Le point de vue du régime avec la vice-présidente iranienne chargée des Femmes et des Affaires familiales

RFI : L’Iran connaît depuis six mois un mouvement de protestation, à la suite de la mort de Mahsa Amini. Comment répondez-vous à ce mouvement ?

Ensiyeh Khazali : Ce qui s’est passé ces derniers mois n’était pas un mouvement féministe, certains ont essayé de lancer un mouvement au nom des femmes, mais c’était une forme d’abus contre elles. Mahsa Amini est décédée lors d'un accident, elle n'a jamais reçu de coup à la tête […] Mais certains ont tenté de la présenter comme une victime de meurtre dont l’État iranien serait responsable. Les médias, surtout étrangers, ont donné beaucoup d'ampleur à cette affaire et ils ont lancé, ainsi que certains dirigeants étrangers, une offensive inédite contre l’Iran.

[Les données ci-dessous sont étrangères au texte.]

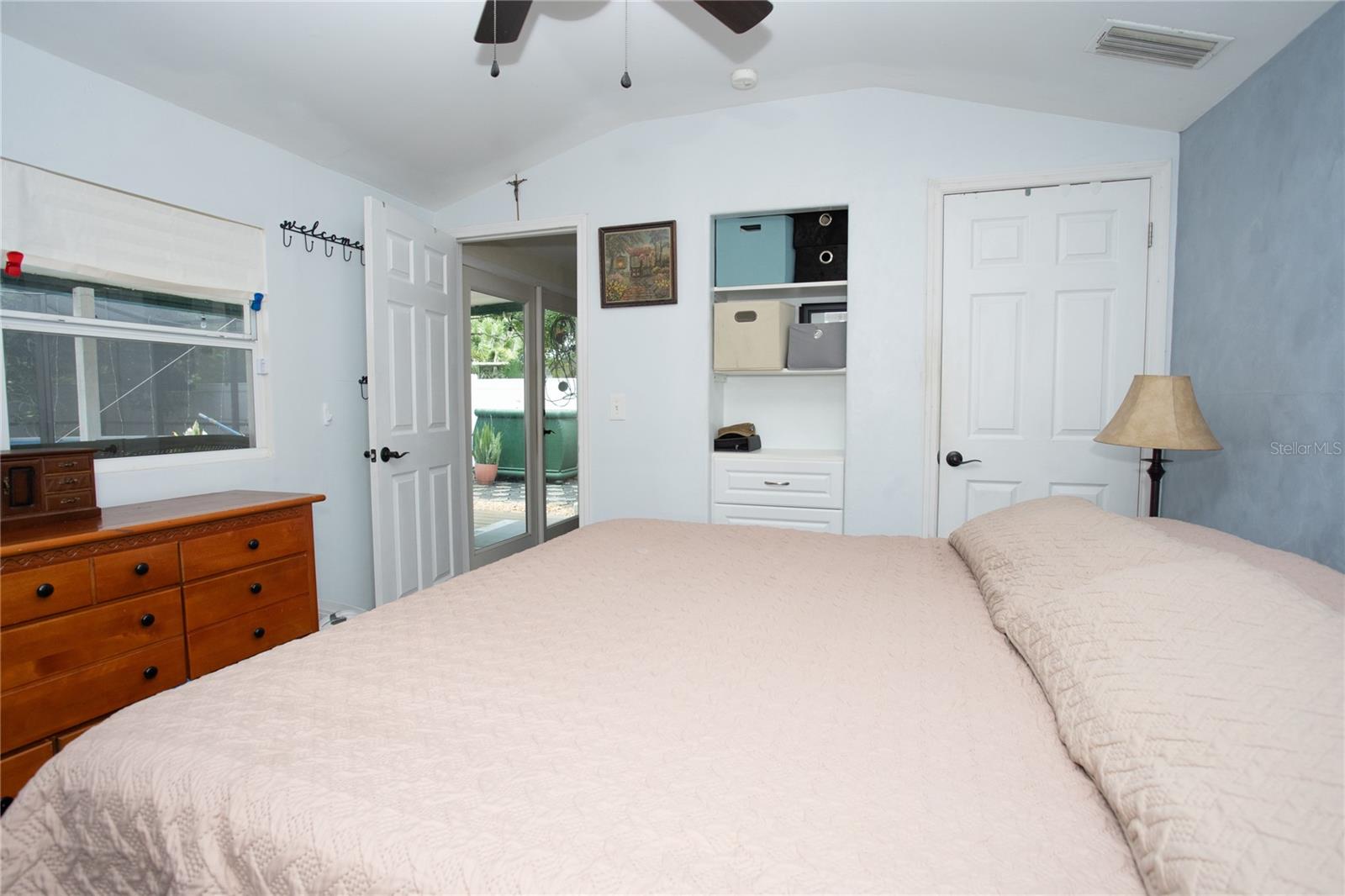 Image 18 of 33 For 4611 41st Avenue N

RFI : Des milliers de jeunes ont été arrêtés lors des manifestations. Des femmes qui sont sorties de prison ont affirmé avoir subi des mauvais traitements, voire des viols en détention, que répondez-vous à cela ?

E.K. : Ce n’est pas vrai. Je suis allée à plusieurs reprises en prison et je me suis entretenue avec des jeunes femmes, je les ai écoutées, ce n'était pas du tout le cas. Certaines appartenaient à des classes aisées de la société, elles avaient des demandes prétentieuses, mais les conditions de détention étaient bonnes et appropriées. Enfin, elles n’ont apporté aucune preuve à leurs allégations.

RFI : Plusieurs jeunes hommes ont été exécutés. Cela a beaucoup choqué à l’étranger…

E.K. : Nous appliquons la loi du talion, c'est-à-dire que la famille de la victime peut réclamer la mort de l'auteur d’un assassinat, par pendaison. Ici, ce droit n'appartient pas à l'État, mais aux familles […] et même si on essaie de dissuader les familles et de les convaincre de pardonner, elles peuvent refuser.

RFI : Pour revenir aux revendications des femmes, certaines réclament le droit de ne pas porter le voile, pourquoi ne pas le leur accorder ?

E.K. : Ici, comme dans chaque pays, on a des règles vestimentaires dans la loi. Il faut les respecter. Certaines ne reconnaissent pas cette loi, mais elles ne représentent pas une majorité. Nous pensons que cette loi vise à protéger les femmes contre les violences. La question du hijab est présente dans notre culture islamique ainsi que dans la culture iranienne, on le voit bien dans nos traditions, contrairement à l'Europe où c'est l'inverse. Et en ce qui concerne d'autres revendications, nous sommes en train de travailler dans le domaine juridique pour répondre aux demandes des femmes, sur la question du mariage notamment.

RFI : La danse d’un groupe de jeunes femmes à Téhéran sur un célèbre tube a fait le tour des réseaux sociaux. Ces filles ont été arrêtées et ont dû faire des excuses, voilées, pour avoir dansé. Il y a une inquiétude sur leur sort, que deviennent-elles ?

E.K. : Ce n'était pas forcément la question de la danse, mais certaines sont manipulées de l’étranger […] C'est un projet pour s'opposer à l'État et le renverser, ce n’est ni une histoire de voile ni de danse, il y a d'autres objectifs derrière. Ces femmes ont été réprimandées, elles se sont excusées pour avoir enfreint la loi. Et maintenant, elles sont libres, l'affaire est bouclée.